## HOW TO COMPLETE THIS TASK
A line below contains "Read I'm Mortal", and a later one contains "Image: Virgo Day Party ft. Vedo". Repeat both, with every line between them, exactly.

+ + +

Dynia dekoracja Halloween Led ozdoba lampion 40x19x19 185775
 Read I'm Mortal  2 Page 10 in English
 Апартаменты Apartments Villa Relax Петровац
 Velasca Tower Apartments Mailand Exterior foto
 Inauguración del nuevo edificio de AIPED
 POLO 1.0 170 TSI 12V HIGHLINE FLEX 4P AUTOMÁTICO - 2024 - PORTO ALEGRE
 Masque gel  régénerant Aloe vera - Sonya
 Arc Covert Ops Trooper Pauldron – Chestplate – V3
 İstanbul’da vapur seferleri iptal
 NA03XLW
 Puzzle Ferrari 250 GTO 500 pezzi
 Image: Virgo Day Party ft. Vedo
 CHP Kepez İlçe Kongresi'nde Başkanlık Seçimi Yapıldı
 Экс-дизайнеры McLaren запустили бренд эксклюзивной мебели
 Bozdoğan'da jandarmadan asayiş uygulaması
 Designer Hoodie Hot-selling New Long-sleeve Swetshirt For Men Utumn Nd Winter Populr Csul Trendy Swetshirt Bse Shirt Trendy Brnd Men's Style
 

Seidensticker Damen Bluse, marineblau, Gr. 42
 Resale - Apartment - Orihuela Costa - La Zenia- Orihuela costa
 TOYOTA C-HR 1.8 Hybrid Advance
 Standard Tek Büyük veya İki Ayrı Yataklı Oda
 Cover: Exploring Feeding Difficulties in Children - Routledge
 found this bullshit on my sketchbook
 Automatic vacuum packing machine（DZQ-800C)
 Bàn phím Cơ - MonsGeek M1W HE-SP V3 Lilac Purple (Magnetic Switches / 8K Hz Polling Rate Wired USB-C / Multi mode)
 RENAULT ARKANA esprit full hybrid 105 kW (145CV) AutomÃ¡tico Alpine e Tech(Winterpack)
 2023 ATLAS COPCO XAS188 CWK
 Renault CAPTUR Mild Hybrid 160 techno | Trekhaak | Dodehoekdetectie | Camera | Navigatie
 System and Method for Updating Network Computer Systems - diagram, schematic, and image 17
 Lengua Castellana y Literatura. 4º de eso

+ + +

## EXERCISE RESPONSE
 Read I'm Mortal  2 Page 10 in English
 Апартаменты Apartments Villa Relax Петровац
 Velasca Tower Apartments Mailand Exterior foto
 Inauguración del nuevo edificio de AIPED
 POLO 1.0 170 TSI 12V HIGHLINE FLEX 4P AUTOMÁTICO - 2024 - PORTO ALEGRE
 Masque gel  régénerant Aloe vera - Sonya
 Arc Covert Ops Trooper Pauldron – Chestplate – V3
 İstanbul’da vapur seferleri iptal
 NA03XLW
 Puzzle Ferrari 250 GTO 500 pezzi
 Image: Virgo Day Party ft. Vedo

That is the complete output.